Mali : Les indépendantistes du FLA diffusent une vidéo de plus de 200 militaires prisonniers
Au Mali, les rebelles indépendantistes du Front de libération de l’Azawad (FLA) ont publié, le 31 juillet, une vidéo montrant plus de 200 militaires maliens capturés. Ces soldats ont été arrêtés le 25 avril et en juillet, lors de la prise de Kidal par le FLA et ses alliés jihadistes du Groupe de soutien à l’Islam et aux musulmans (Jnim), ainsi que durant les combats pour le contrôle d’Anefis. L’armée malienne, soutenue par des partenaires russes de l’Africa Corps, a subi de lourdes pertes dans ces affrontements. La vidéo est diffusée dans un contexte marqué par l’exécution, le 18 juillet, de militaires maliens prisonniers, lors d’une embuscade.
La vidéo, d’une durée d’environ onze minutes, montre 208 soldats maliens en tenue civile, assis dans le sable, devant des tissus tendus. Ceux-ci se présentent et donnent leur matricule. Selon le FLA, ces soldats proviennent principalement de l’armée de terre, mais incluent également des policiers et gendarmes. Un des prisonniers, qui date l’enregistrement au 28 juillet, mentionne que certains de ses camarades ne sont pas présents car ils sont « dans un centre de soins ». Les militaires affirment être bien traités, bien que certains expriment des critiques à l’encontre de la junte au pouvoir à Bamako.

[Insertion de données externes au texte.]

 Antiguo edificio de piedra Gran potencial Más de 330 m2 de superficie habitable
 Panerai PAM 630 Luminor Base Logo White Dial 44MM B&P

Le FLA détient également une vingtaine de militaires capturés lors d’attaques précédentes entre septembre 2023 et juillet 2024. La publication de la vidéo vise à rasr les familles, alors que les autorités de transition n’ont pas entrepris d’actions pour leur libération.
Le 29 juillet, Amnesty International a qualifié les exécutions de prisonniers lors de l’embuscade de Tabrichat de « crimes de guerre » et a demandé des sanctions contre les responsables. Le Haut-Commissariat des Nations unies aux droits de l’homme a également exprimé des préoccupations concernant les actes de torture et les meurtres de soldats maliens.
Parallèlement, l’armée malienne a mené plusieurs frappes aériennes dans la région de Kidal, qui auraient causé des victimes civiles, selon l’ONG CD-DPA. Des frappes de drones à Talahandak ont fait au moins trois morts et six blessés, tous de nationalité nigérienne, tandis que d’autres frappes ont touché Ikharabane, entraînant six morts et une vingtaine de blessés, principalement des orpailleurs.
Cette situation souligne la complexité du conflit au Mali, où les tensions entre les forces gouvernementales et les groupes armés continuent d’engendrer des souffrances humaines.